During my mission I visited Washington, DC; Boston and Falmouth, Massachusetts; Sacramento, Redding, including the Winnemen Wintu tribe, Seville, California and other communities in the San Joaquin Valley; and Edmonston, Maryland. In each of these locations, I had the occasion to meet with state and local authorities. I wish to thank them also for their time and engagement with me.

I convened seven public hearings in the various locations I visited and I had the honour of receiving personal testimony from all across the United States – including from West Virginia, Alabama, Puerto Rico, Michigan and Alaska. I especially wish to thank all those individuals who travelled long distances to share their stories with me. Numerous other testimonies were submitted to me in writing reflecting the experiences of other individuals and communities from other regions of the U.S.

I was particularly struck by the vibrant and active engagement by civil society working on human rights, water and sanitation issues during the mission. I am especially grateful for their initiative to connect me with affected communities and victims. I wish to extend a special word of thanks to all those who shared their personal, and sometime tragic, stories with me.

II. General Remarks

On 28 July 2010, the United Nations General Assembly recognized the right to water and sanitation. On 30 September 2010, the United Nations Human Rights Council affirmed, by consensus, the right and further specified that the right is derived from the right to an adequate standard of living. I wish to acknowledge that the United States joined this global consensus, which represents a political commitment to the realization of the right to water and sanitation. I am encouraged by this, and call on the U.S. to ratify the international human rights treaties that consecrate this right (International Covenant on Economic, Social and Cultural Rights; Convention on the Elimination of all forms of Discrimination against Women; Convention on the Rights of the Child; Convention on the Rights of Persons with Disabilities; and the Optional Protocols thereto).

The human right to water and sanitation entitles everyone to water and sanitation that is available, accessible, affordable, acceptable and safe without discrimination. The legal framework governing access to water and sanitation in the United States is a complex amalgam of federal and state statutes and common law principles. This multi-tiered system coupled with an array of variances available to states and private actors make generalizations about the U.S. legal framework’s capacity to reflect access to safe drinking water and sanitation as a human right particularly difficult. Nevertheless, in the absence of a federally recognized right to safe drinking water and sanitation, there are no legal barriers preventing individual states from adopting their own legislation recognizing such a right. The states of Massachusetts and Pennsylvania have already recognized a right to water (though not to sanitation) in their constitutions. I also learned that in California a bill package has just been introduced in the state Assembly that recognizes the human right to water. I welcome such initiatives and call on other states to do likewise.
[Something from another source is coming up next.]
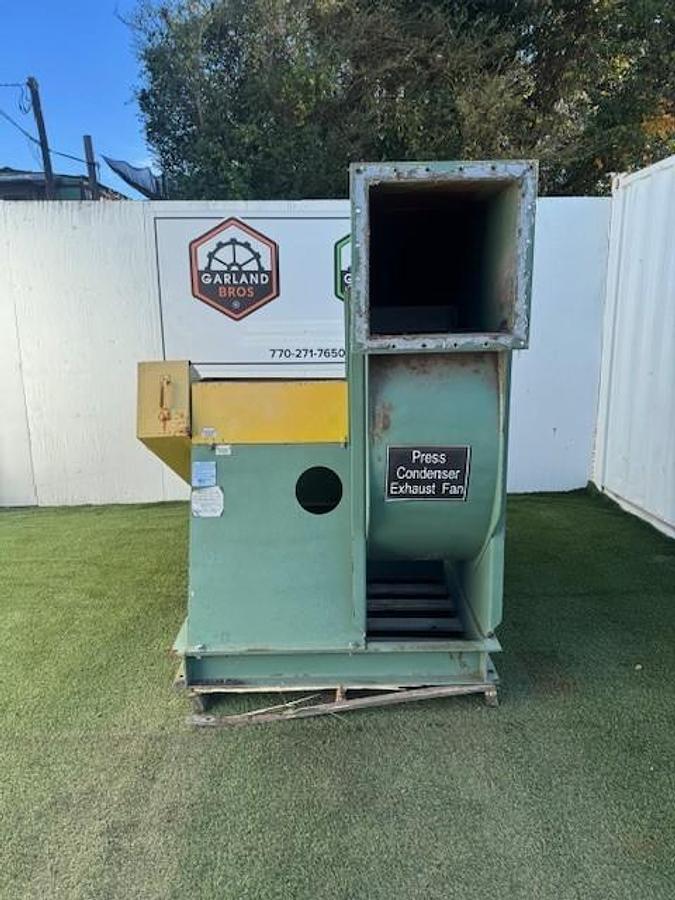 Used American Fan Co IE-21-MH, CW Top Horizontal Blower, 40Hp Motor, 1760RPM 575V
With the introduction of centralized water and sanitation systems in the 19th century, the U.S. achieved enormous public health gains through the 20th century, resulting in the vast majority of people living in the United States acquiring access to clean and safe drinking water and sanitation. Additionally a robust set of regulations on water, wastewater and the environment have added to these gains.

III. Challenges to realizing the right to water and sanitation

In the U.S., roughly 85 per cent of the population receives water from a utility and 15 per cent rely on private water systems. There are over 53,000 rural water utilities, 90 per cent of which serve communities of 10,000 people or less. There are also nationwide an estimated 154,000 drinking water systems. These figures highlight the fragmentation of the sector, which presents enormous challenges when trying to regulate, monitor and find solutions for universal access. Nevertheless, the decentralization of the system reflects not only the U.S. constitutional framework, but also allows for responsiveness to local conditions, accountability, flexibility and local control.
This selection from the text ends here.